(Records from a collection)
○ ○ ○ ○
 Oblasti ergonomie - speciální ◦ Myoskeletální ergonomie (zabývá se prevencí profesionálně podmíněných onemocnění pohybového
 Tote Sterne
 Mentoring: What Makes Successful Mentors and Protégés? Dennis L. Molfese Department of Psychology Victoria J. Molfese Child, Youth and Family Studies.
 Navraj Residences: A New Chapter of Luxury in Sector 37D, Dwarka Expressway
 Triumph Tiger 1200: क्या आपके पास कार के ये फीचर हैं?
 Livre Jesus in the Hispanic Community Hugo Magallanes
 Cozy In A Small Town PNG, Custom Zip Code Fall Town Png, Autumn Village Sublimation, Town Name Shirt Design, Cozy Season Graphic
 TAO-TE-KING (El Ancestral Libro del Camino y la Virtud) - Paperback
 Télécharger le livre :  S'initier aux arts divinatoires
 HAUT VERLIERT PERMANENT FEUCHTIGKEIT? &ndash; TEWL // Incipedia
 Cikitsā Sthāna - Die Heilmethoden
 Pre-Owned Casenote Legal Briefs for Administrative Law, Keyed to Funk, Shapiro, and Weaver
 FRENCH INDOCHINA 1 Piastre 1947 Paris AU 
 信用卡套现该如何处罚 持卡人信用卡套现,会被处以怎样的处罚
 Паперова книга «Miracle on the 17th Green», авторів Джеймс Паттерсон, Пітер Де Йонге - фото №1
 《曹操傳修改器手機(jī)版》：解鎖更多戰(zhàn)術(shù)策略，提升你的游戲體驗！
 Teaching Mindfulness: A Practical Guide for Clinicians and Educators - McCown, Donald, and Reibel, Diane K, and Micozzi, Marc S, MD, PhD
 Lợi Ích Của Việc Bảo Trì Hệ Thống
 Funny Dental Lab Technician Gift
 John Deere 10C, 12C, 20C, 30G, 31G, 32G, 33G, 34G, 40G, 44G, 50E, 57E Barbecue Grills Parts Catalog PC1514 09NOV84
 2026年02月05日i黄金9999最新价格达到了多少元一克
○ ○ ○ ○
Try it => Only the lines from the beginning of the entries through the line bearing "Йонге - фото №1" should be returned, each exactly as written.

Written reply =>
 Oblasti ergonomie - speciální ◦ Myoskeletální ergonomie (zabývá se prevencí profesionálně podmíněných onemocnění pohybového
 Tote Sterne
 Mentoring: What Makes Successful Mentors and Protégés? Dennis L. Molfese Department of Psychology Victoria J. Molfese Child, Youth and Family Studies.
 Navraj Residences: A New Chapter of Luxury in Sector 37D, Dwarka Expressway
 Triumph Tiger 1200: क्या आपके पास कार के ये फीचर हैं?
 Livre Jesus in the Hispanic Community Hugo Magallanes
 Cozy In A Small Town PNG, Custom Zip Code Fall Town Png, Autumn Village Sublimation, Town Name Shirt Design, Cozy Season Graphic
 TAO-TE-KING (El Ancestral Libro del Camino y la Virtud) - Paperback
 Télécharger le livre :  S'initier aux arts divinatoires
 HAUT VERLIERT PERMANENT FEUCHTIGKEIT? &ndash; TEWL // Incipedia
 Cikitsā Sthāna - Die Heilmethoden
 Pre-Owned Casenote Legal Briefs for Administrative Law, Keyed to Funk, Shapiro, and Weaver
 FRENCH INDOCHINA 1 Piastre 1947 Paris AU 
 信用卡套现该如何处罚 持卡人信用卡套现,会被处以怎样的处罚
 Паперова книга «Miracle on the 17th Green», авторів Джеймс Паттерсон, Пітер Де Йонге - фото №1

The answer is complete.